§ **THE PROBLEM**
Find the line containing "Vũ Minh Hoa" in the entries; transcribe it and all remaining lines through the end, exactly as they appear, but not the pictures.

§ **EXERCISE DATA**
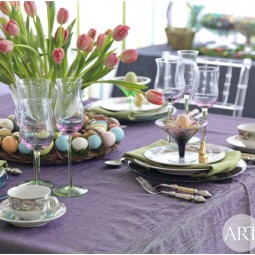 Easter table spring party decor_1709.jpg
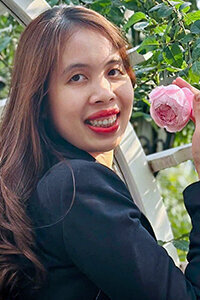Vũ Minh Hoa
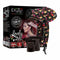 Secador de Pelo Lovely Style Id Italian Lovely Style W (1 unidad)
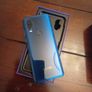 Motorola One Vision. Image 3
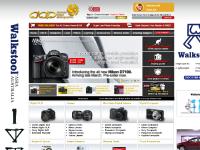 Lenses, Accessories, Lighting, New Products Lenses, Accessories, Lighting, New Products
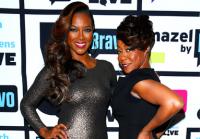 WWHL S08E50 Kenya Moore Tichina Arnold 2012-11-25 HR HDTV x264-BRAVO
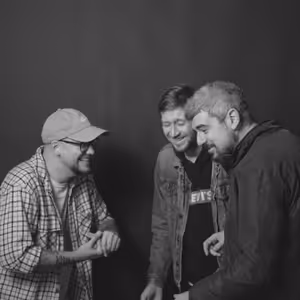 Froté rady o které nikdo nestál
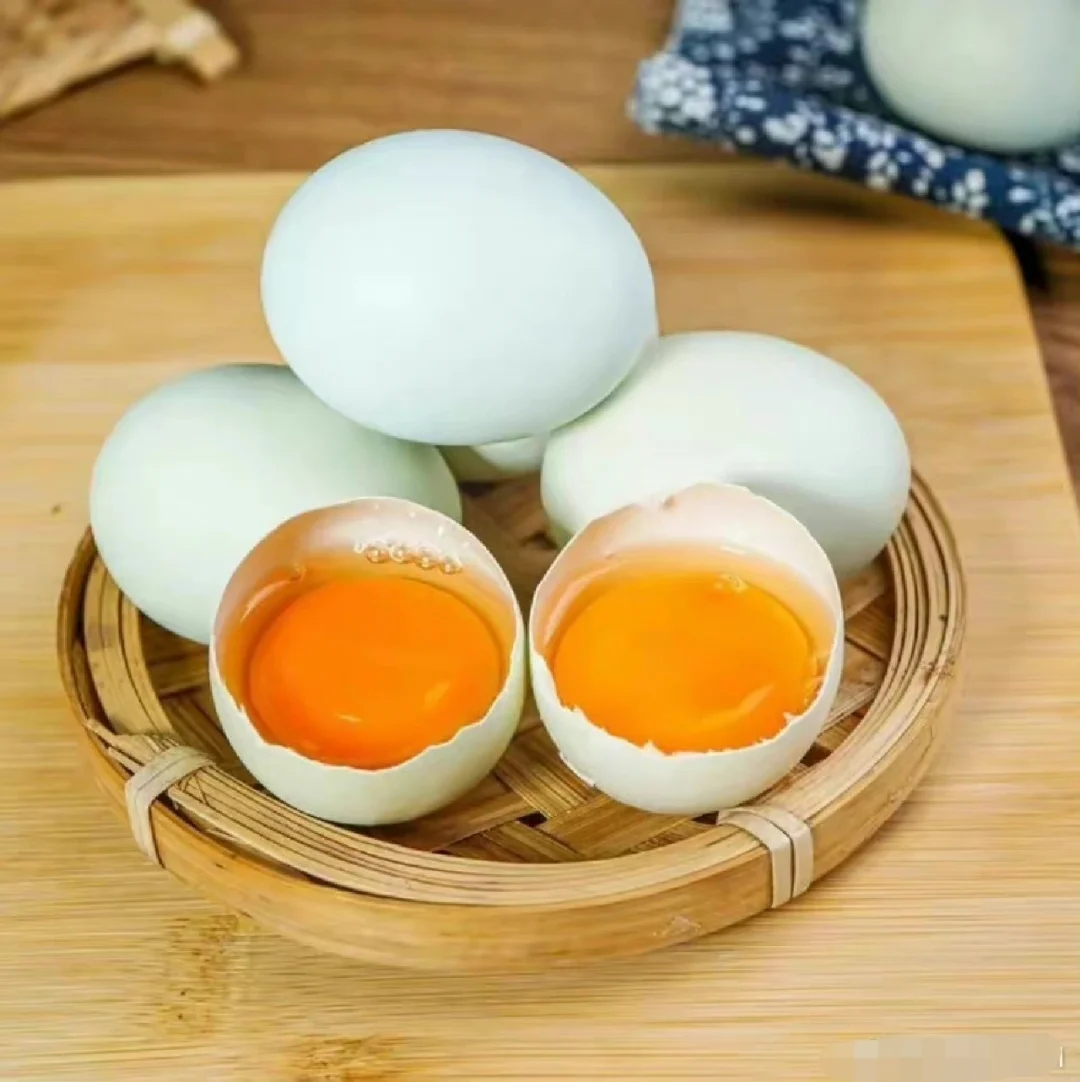 白蛋白 肺癌-白蛋白与肺癌：生命的希望与经济的压力，如何抉择？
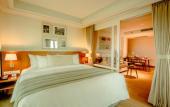 Туры в отель Rama Residence Padma Туры в отель Rama Residence Padma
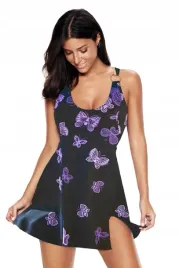 stroj-kapielowy-jednoczesciowy-sukienka-figi-xl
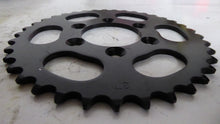 Load image into Gallery viewer, Sunstar 54G-Y37-10R Rear Sprocket
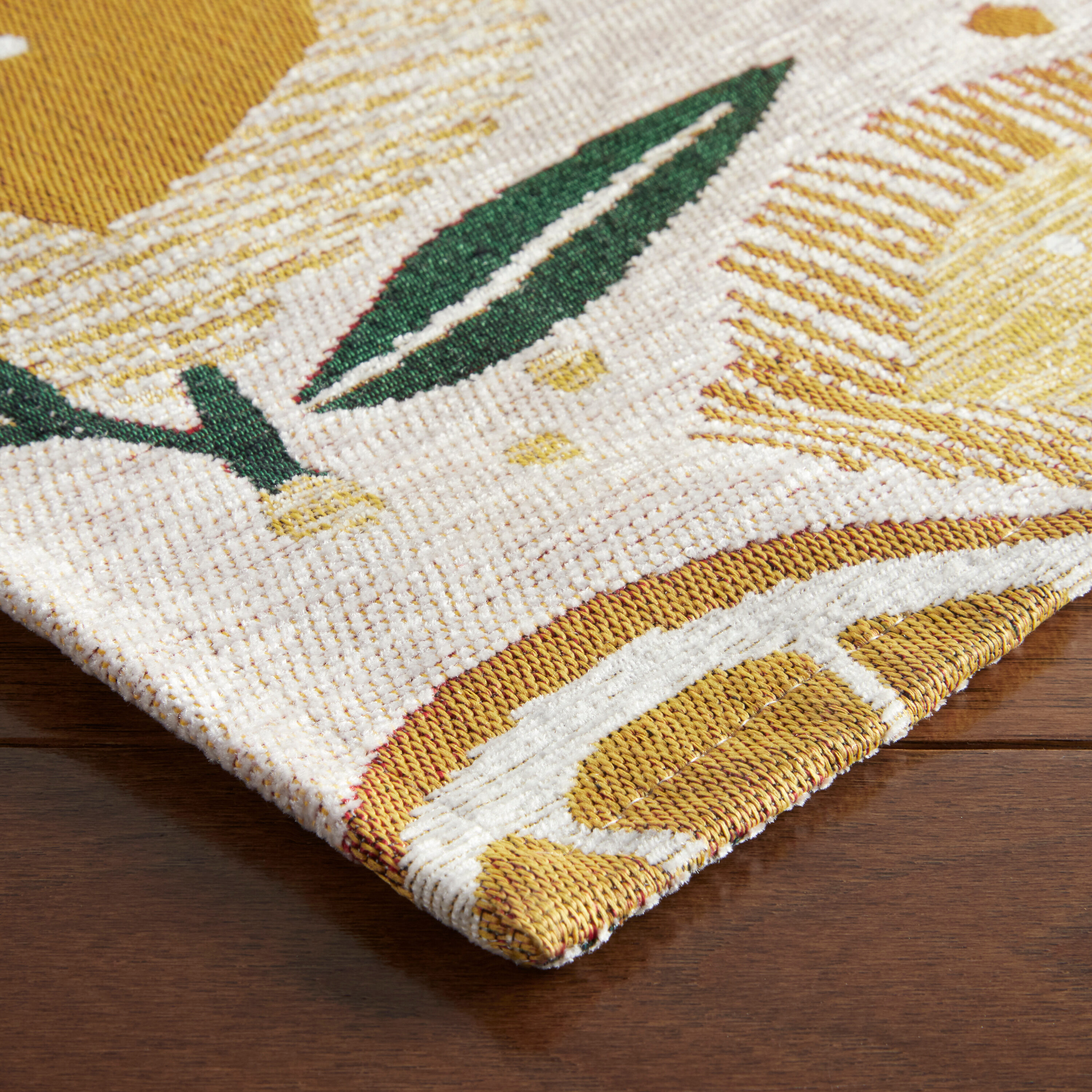 Town & Country Living 3A-E007-102 Mats-Cat - View #3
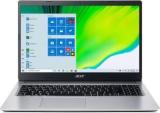 Acer Aspire 3 AMD Ryzen 5 Quad Core 3500U A315 23 Laptop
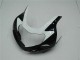 Discount 2001-2003 White Blue Black Suzuki GSXR 600/750 Motorcycle Fairings Canada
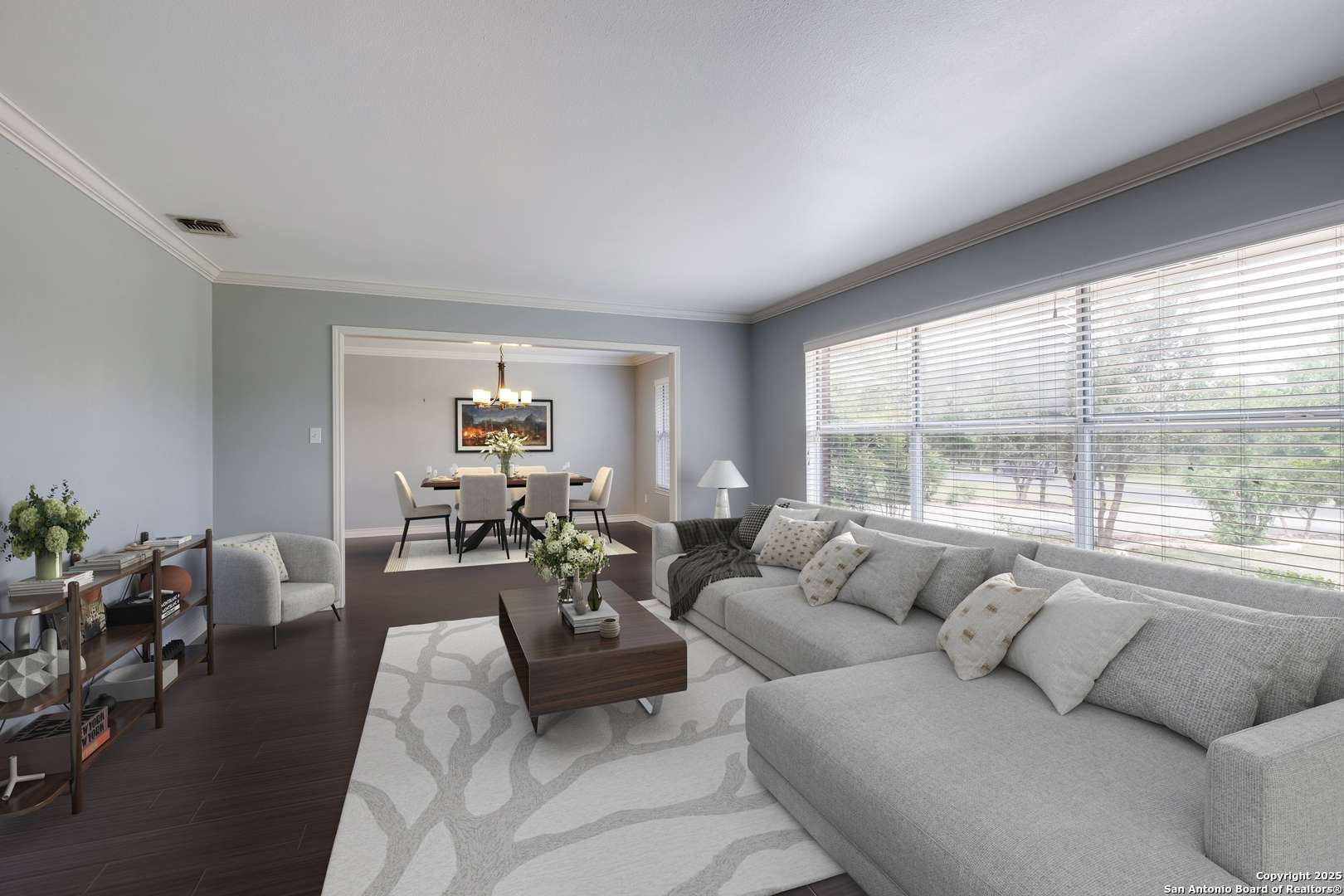 Boerne, TX 78006,27511 Autumn Glen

§ **EXERCISE OUTPUT**
Vũ Minh Hoa
 Secador de Pelo Lovely Style Id Italian Lovely Style W (1 unidad)
 Motorola One Vision. Image 3
 Lenses, Accessories, Lighting, New Products Lenses, Accessories, Lighting, New Products
 WWHL S08E50 Kenya Moore Tichina Arnold 2012-11-25 HR HDTV x264-BRAVO
 Froté rady o které nikdo nestál
 白蛋白 肺癌-白蛋白与肺癌：生命的希望与经济的压力，如何抉择？
 Туры в отель Rama Residence Padma Туры в отель Rama Residence Padma
 stroj-kapielowy-jednoczesciowy-sukienka-figi-xl
 Load image into Gallery viewer, Sunstar 54G-Y37-10R Rear Sprocket
 Town & Country Living 3A-E007-102 Mats-Cat - View #3
 Acer Aspire 3 AMD Ryzen 5 Quad Core 3500U A315 23 Laptop
 Discount 2001-2003 White Blue Black Suzuki GSXR 600/750 Motorcycle Fairings Canada
 Boerne, TX 78006,27511 Autumn Glen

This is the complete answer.